Si des combats armés ont opposé Soudan et Soudan du Sud le long de leur frontière ces derniers jours, la guerre se livre aussi sur le terrain médiatique, et la propagande a envahi journaux et ondes, à coups d'accusation et de démentis.
Des affrontements ont débuté il y a près de deux semaines le long de la frontière entre le Soudan et le Soudan du Sud, dont le tracé est encore flou et contesté.Il s'agit des violences les plus graves depuis la partition en juillet, au terme de la plus longue guerre civile du continent africain.
Mais l'accès aux zones de combat est fortement limité, et beaucoup de médias locaux sont cantonnés à relayer une rhétorique gouvernementale incendiaire.

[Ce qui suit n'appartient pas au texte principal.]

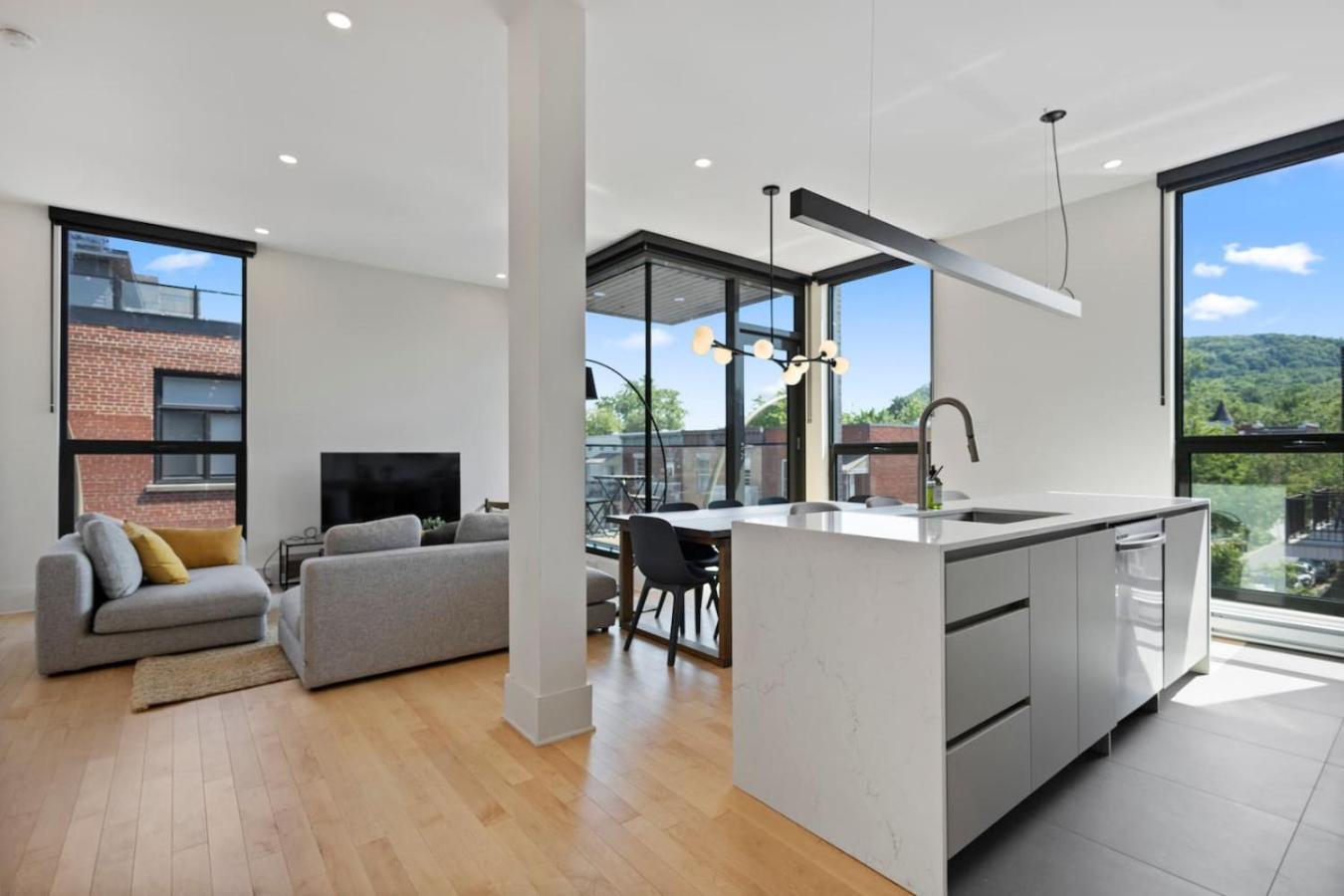 Amazing And Spacious 5br2b In Heart Of Plateau Zt8 Apartment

L'Union africaine, qui a chapeauté des négociations infructueuses à Addis Abeba cette semaine, a appelé à "la cessation immédiate de toute forme de propagande médiatique négative", dans le cadre de ses six points de sortie de crise.
Les négociateurs "ont remarqué que ces dernières semaines, les médias avaient joué un rôle vraiment négatif", souligne Faisal Mohammed Salih, consultant sur les médias et éditorialiste pour un journal soudanais.
Depuis des semaines, Khartoum et Juba ont échangé accusations et contre-accusations, le plus souvent sans élément matériel.
L'armée soudanaise a maintes fois accusé les troupes du Sud d'incursions sur son territoire, alors que le Sud a accusé le Nord de nombre de raids aériens.
De chaque côté de la frontière, les médias ont fait état d'un nombre de victimes exagéré dans le camp adverse, tout en minimisant leurs propres pertes, souligne M. Salih.
Les affrontement au Kordofan-Sud, un Etat soudanais où Khartoum affirme devoir faire face à des incursions sud-soudanaises, sont de nature militaire mais aussi médiatique, a récemment souligné la ministre de l'Information du Soudan, Sana Hamad.
Selon elle, une campagne médiatique menée "par des milieux hostiles" cherche à donner "une image déformée de la situation" dans cette région.
"La rhétorique enflammée est en quelque sorte un passe-temps national, et les deux parties cherchent actuellement à reprendre le contrôle du discours", estime Zach Vertin, analyste chargé des Soudan chez International crisis group.
"Mais le plus révélateur, c'est que les deux parties continuent à s'asseoir à la table des négociations, à se parler, car ils savent qu'une résolution du conflit est dans leur intérêt", ajoute-t-il.
Le médiateur de l'Union africaine, Thabo Mbeki, était jeudi à Juba pour rencontrer le président sud-soudanais Salva Kiir, puis vendredi à Khartoum pour s'entretenir avec le Soudanais Omar el-Béchir.
Khartoum a envoyé une délégation de journalistes, y compris un correspondant de l'AFP, quelques heures sur les lieux des récents combats entre Nord et Sud, dans la région frontalière pétrolifère de Heglig, mais les reportages indépendants dans la région restent interdits.
La presse a davantage de liberté de mouvement au Sud, mais en l'absence de couverture d'envergure sur le terrain, M. Salih estime que les médias gouvernementaux, radios et télévisions, ont été utilisés dans les deux pays comme des armes pour disséminer la haine.
Certains journaux tentent malgré tout à ne pas se faire instrumentaliser.Mais de chaque côté de la frontière, "si on essaie d'être objectif selon les critères occidentaux (...), on est traité de traître, accusé de pas défendre l'intérêt national", déplore M. Salih.
Dans cette guerre comme dans beaucoup d'autres auparavant, "la vérité est la première des victimes", reconnaît-il.